Although there are some serious traitors amongst former members of Sayeret Matkal, there are also exemplary leaders. Even some of the most disgraceful former members of this esteemed fighting force were far from “constitutionally incapable of seizing and controlling territory”, as Glick asserts. Ehud Barak, for example, was perfectly capable of seizing and controlling territory, having also served as both a tank regiment commander and an armoured brigade commander. The problem with Herzi Halevi is not that he was from the commandos, but that he is from a defeatist ideological mould, and he is a traitor.
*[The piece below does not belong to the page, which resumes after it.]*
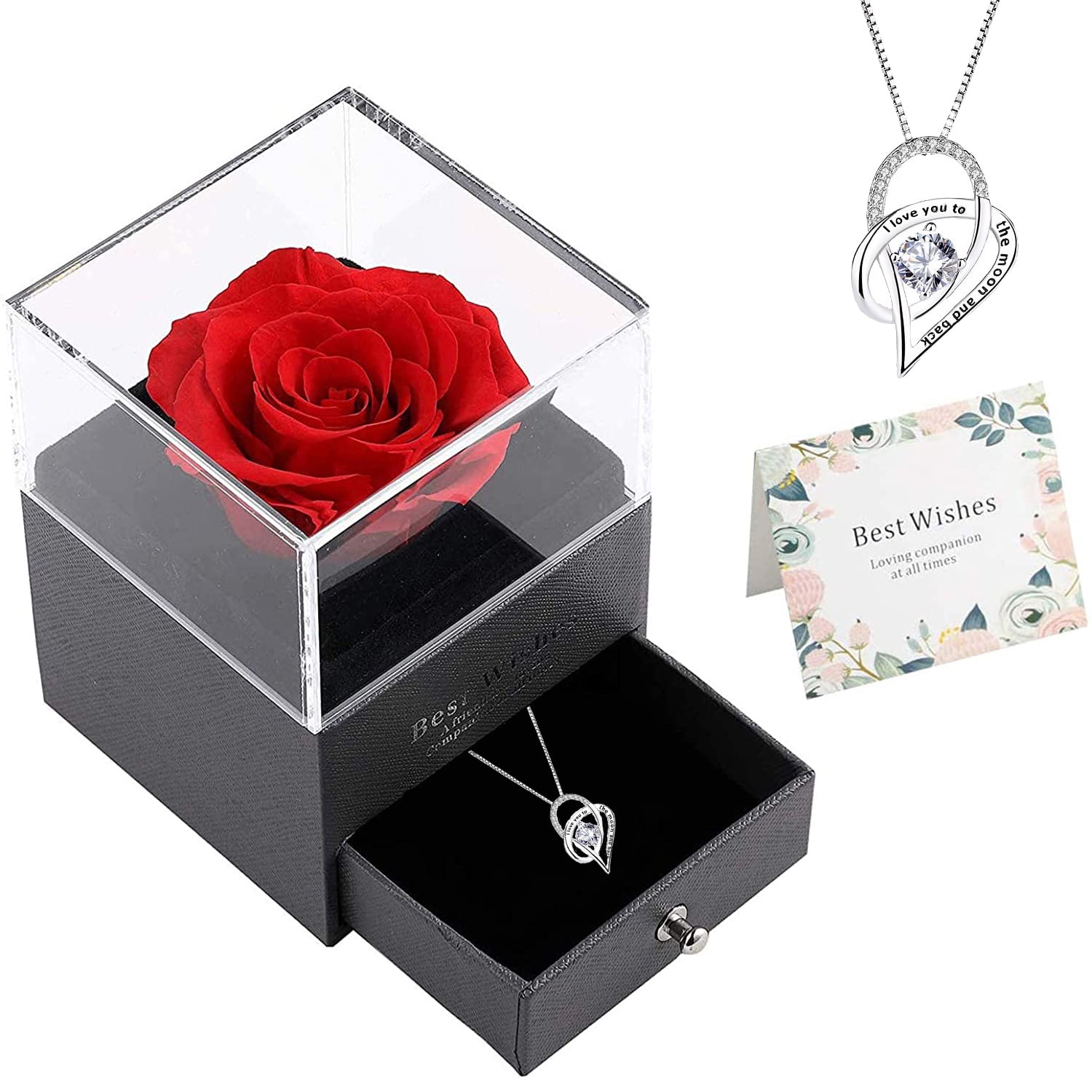 Preserved Real Rose with Necklace Eternal Rose Flower in Jewelry Box Forever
Ehud Barak, Gadi Eisenkot, Dan Halutz, Moshe "Boogie" Ya'alon, Benny Gantz, and Aviv Kohavi in their time each did everything he could to manufacture ground force irrelevance, principally by avoiding ground operations in favour of air strikes, by the operational belittling of the ground forces, by systematically dismantling the ground forces, and by exposing them to unnecessary danger. Professor Karsh writes of how under Gadi Eisenkot and Dan Halutz, ground force non-deployment took priority over IDF casualty figures:

During that [Second Lebanon War (July 12–August 14)], Hezbollah fired some 4,000 rockets and missiles on Israeli towns and villages – the largest attack on the Jewish State’s population centres since the 1948 war – killing 45 civilians, inflicting massive destruction and economic damage, and driving tens of thousands to flee their homes to the southern parts of the country. By contrast, the IDF hardly ventured more than a few miles from the border during the 34 days of fighting – in stark contrast to the 1982 invasion that swiftly swept across this area and reached Beirut within five days. It was only on August 11 – a month after the outbreak of hostilities and a few hours before the passing of Security Council Resolution 1701 ending the war – that the government authorised a poorly conceived and executed ground manoeuvre that ended inconclusively after three days at the cost of 33 lives of the war’s 119 military fatalities. In fact, as early as July 22, IDF head of operations and future chief-of-staff Gadi Eisenkot recommended ending the war within a day or two, while Chief-of-staff Dan Halutz thought it should end by the beginning of August. Either way, the ground manoeuvre would not have taken place. (pp15-16) (My emphasis)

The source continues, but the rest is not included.